Few people probably remember the initial origin of the 2008 financial crisis, but it started in 2007 when a business unit of Bear Stearns began to see a little bit of difficulty. It was a result of the collapse of the housing bubble, compounded by securitization of mortgages and excessive use of large amounts of leverage. What was initially deemed to be large but manageable losses ended up running the company into the ground, so that by March 2008 one of the biggest names on Wall Street was no longer.
Things continued to spiral out of control, with fall of 2008 bringing fears of a collapse of the entire US financial system. And rock bottom wasn’t reached until March 2009, while real recovery took years to get underway.
The question today is: who is the Bear Stearns of 2019? We’re already starting to see signs of companies that are much loved by Wall Street but that are facing severe financial difficulties. Take, for instance, Tesla, the darling not only of Wall Street but of technophiles and green energy enthusiasts everywhere.
For years we’ve been told that electric cars are the wave of the future and that Tesla is leading the charge. But Tesla is facing severe financial difficulties, an odd situation to be in during an economy that is supposedly so strong. Its cars are beset with glitches and, despite their popularity with the well-to-do, sales aren’t great, nor are they sufficient to make the company profitable, despite years in business.
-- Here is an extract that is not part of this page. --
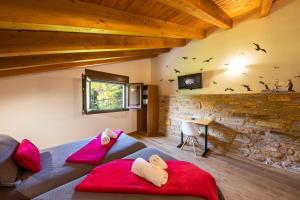ein Wohnzimmer mit einer Couch und einer Steinwand in der Unterkunft LA PANDELA in Las Herrerías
In fact, if it weren’t for sales of electric vehicle tax credits to other automobile manufacturers Tesla would be even further in the red.
The company’s stock is down almost 50% from December, dropping from over $370 to just over $200. Facing a funding crunch, Tesla is looking to raise more funds from investors, but will those investors bite, and will the company get the money it needs? And if the company fails, will it bring down other companies or spur a more widespread selloff in equity markets?
Then there’s the case of SoftBank, the Japanese conglomerate that has made a name for itself in recent years by investing in numerous startups and unicorns such as Alibaba and Uber. The company is trying to raise an additional $100 billion in investor funding to start a new investment fund, but investor interest has been lacking.
Part of that is due to a lack of desire to pay someone else to invest in startups that existing funds are already able to invest in, but part is also due to concerns about SoftBank’s lack of transparency. SoftBank’s charismatic founder claims investment acumen, yet his major investment coup was in Alibaba. His record otherwise is spotty, including investing in Bitcoin at its top and selling at a significant loss.
Is SoftBank’s success thus far merely a result of the massive amounts of financial stimulus pumped into the Japanese economy? And if the company’s investments go south and its financial position erodes will it take other companies down with it?
There are a lot of questions surrounding these companies, and a lot of uncertainty about the future direction of the world economy. Will either of these companies become the next Bear Stearns, or are there other candidates to take up that mantle?